15 Nisan 2012 Pazar

SENKRONİZASYON

Maç yayınlarına takmış durumdayım son zamanlarda. Ligtv'ye olan sevgim (!) malum, ama Atv'nin kupa maçlarındaki performansı da aklımdan çıkmıyor bir türlü. Ligtv'nin çift spikerli müthiş buluşuna karşı Atv yıllardır kadrolaşmış yorumcularını kullanıyor. İşte bu noktada bende ipler kopuyor. Gazeteler takımları kayırdıkça, televizyonlar "takım" yorumcularına kapılarını açtıkları sürece bitmeyecek bu ıstırap.

İki sezon önce Bursaspor şampiyon oldu.

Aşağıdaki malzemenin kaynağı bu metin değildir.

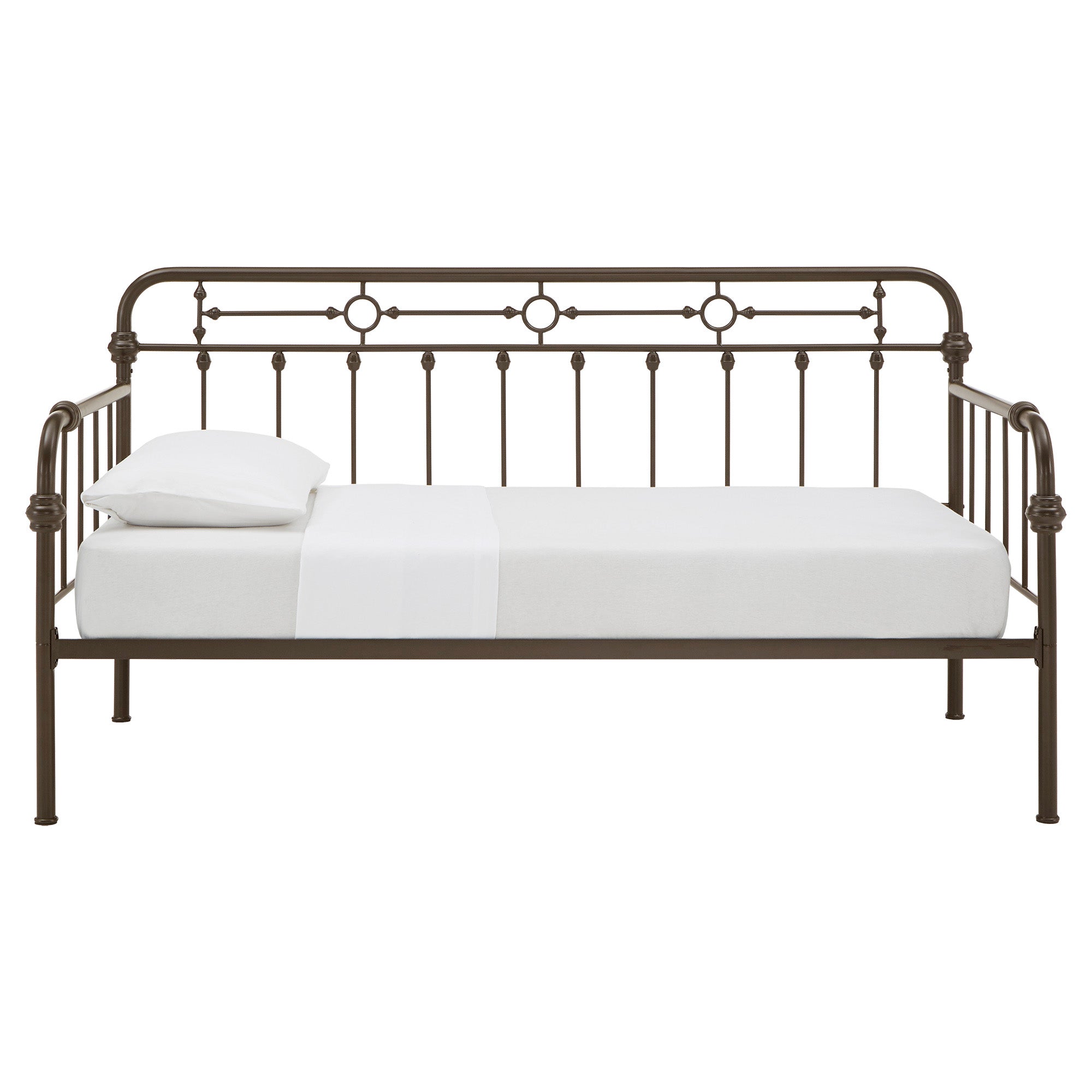 Antique Dark Bronze Metal Daybed - Twin Size, No Trundle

Hani Türkiye'de devrim olmuştu? Anladık, seyirci büyüklerde, tiraj ve reyting büyüklerde. Ama onlara büyük diye diye, adamların ayaklarını yerden kestiniz. Bursaspor'un da şampiyonluğun nimetlerinden yeteri kadar faydalanamaması biraz da kendi hataları tabii. İşte akıllı yönetici kavramı burada ortaya çıkıyor. Bakın gazetecilere. Futboldan anlamıyorlar, ama canlı yayında takımlarının (!) haklarını nasıl koruyorlar?  Spor Toto Süper Lig veya Ziraat Türkiye Kupası'nda iki Türk takımı karşılaşıyor. Galatasaray'ın yenilmesine Levent Tüzemen, Fenerbahçe'nin yenilmesine Gürcan Bilgiç çok üzülüyor. Futbol ileri gitmiyor onlara göre. Nasıl bir pişkinliktir? Kanal müdürlerinin kankalığı müessesesi bu işin kuralıdır. Onlar da oyunu kuralına göre oynarlar. Ömer Üründül ise ayrı bir fenomen. Kendi dünyasında takılıyor. Televizyon çalışanları da kendisini çok seviyormuş. Para bol, haliyle çalışanlara ikram da bol. Olan, ekranda güzel bir şeyler görmek ve duymak isteyen bize olur. Güzel bir şeyler görmek zaten zor, bari kulağımıza bu işkenceyi çektirmeyin.

Maç yayıncılığında görmek istediğim ilk yenilik, spiker ve yorumcu sesinin kısılıp sadece seyirciyi duyabileceğim bir teknolojidir. Parası neyse vereceğim, yeter ki kurtarın bizi bu azaptan.